Representation of integers

Mantorok Redgormor

I always see posts that involve the representation of integers, where
some poster claims that the unerlyding representation of an integer
doesn't have to reflect on the actual integer, for example:

int foo = 0;

0 can be all zeros 0x00000000 or 00000000 00000000 00000000 00000000

Then someone chimes in and says 0 doesn't have to contain all zeros..

So what is that about?

Also I have heard the same for (void *)0 or NULL, repreatedly..

How can an integer have a different underlying representation but
refer to that integer that it does not reflect?

That is, is it possible to have something like:

int foo = 0;

And the underlying representation of that zero is actually:

0x10000010 ? or some crazy nonsense like that.

Nov 13 '05 #1

Subscribe Post Reply

3211

Arthur J. O'Dwyer

On Sat, 12 Sep 2003, Mantorok Redgormor wrote:

I always see posts that involve the representation of integers, where
some poster claims that the unerlyding representation of an integer
doesn't have to reflect on the actual integer, for example:

int foo = 0;

0 can be all zeros 0x00000000 or 00000000 00000000 00000000 00000000
Sort-of-correct.

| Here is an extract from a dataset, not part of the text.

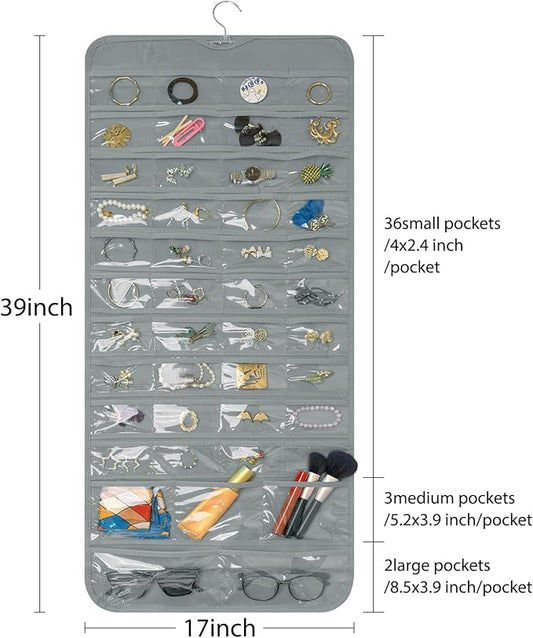 Bloss Hanging Jewelry Organizer With 90 Pockets,Earring Holder Organizer Storage For Valentine's Day Gift,Double-Sided Jewelry Holder for Earrings, Necklaces, Rings on Closet,Wall,Door(Grey)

In the C programming language,

0 == 000 /* octal */
0 == 0x000000 /* hex */
0 == '\0' /* character constant */

Then someone chimes in and says 0 doesn't have to contain all zeros..
Sort-of-correct. At the machine level, the mathematical concept of
"zero" can be represented by any number of bit patterns. Sure, it's
common (these days) to represent "zero" as 32 contiguous bits aligned
in a particular way and all set to the low state; but "zero" on some
machines might be 24 bits with the high-order 6 bits all set to 1, for
parity checking; or something even more unconventional.

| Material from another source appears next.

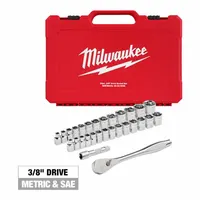 MILWAUKEE Socket Set: 3/8 in Drive, 29 Piece, 6-Point, Metric/SAE, 5/32 in to 9/16 in/5 mm to 19 mm (MPN 48-22-9088)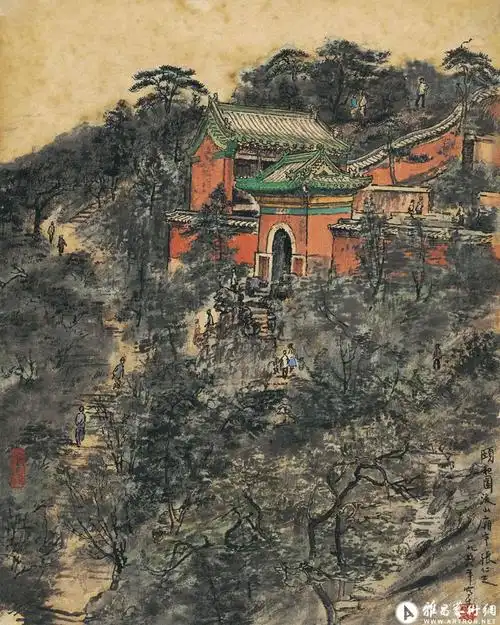 颐和园后山庙宇_山水写生_张仁芝作品展_张仁芝在线作品_张仁芝官方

The C language really doesn't care too much about the machine level.

But the C standard library includes a few functions that *do* deal
directly with the machine representation of concepts like "zero".
For example, 'calloc'.

So what is that about?
Also I have heard the same for (void *)0 or NULL, repreatedly..
Same idea. Some machines treat a pointer value with all-machine-level-
-bits-zero as a "null pointer" that can't be dereferenced without
a segfault or something similar. Other machines treat address "zero"
just the same as any other address, and use a different "null pointer"
representation at the machine level.

Again, C really doesn't care. In a C program, if you write 0 or
(void*)0 or NULL in a pointer context, you *will* get whatever "null
pointer representation" is appropriate for your particular machine.
You don't have to worry about this.
How can an integer have a different underlying representation but
refer to that integer that it does not reflect?
"Does not reflect"? How does 00001100 "reflect" the concept of "twelve"
more or less than 01110110? Two's complement is convenient for
arithmetic, sure; but that doesn't mean it's convenient for *everything*.
That is, is it possible to have something like:

int foo = 0;

And the underlying representation of that zero is actually:

0x10000010 ? or some crazy nonsense like that.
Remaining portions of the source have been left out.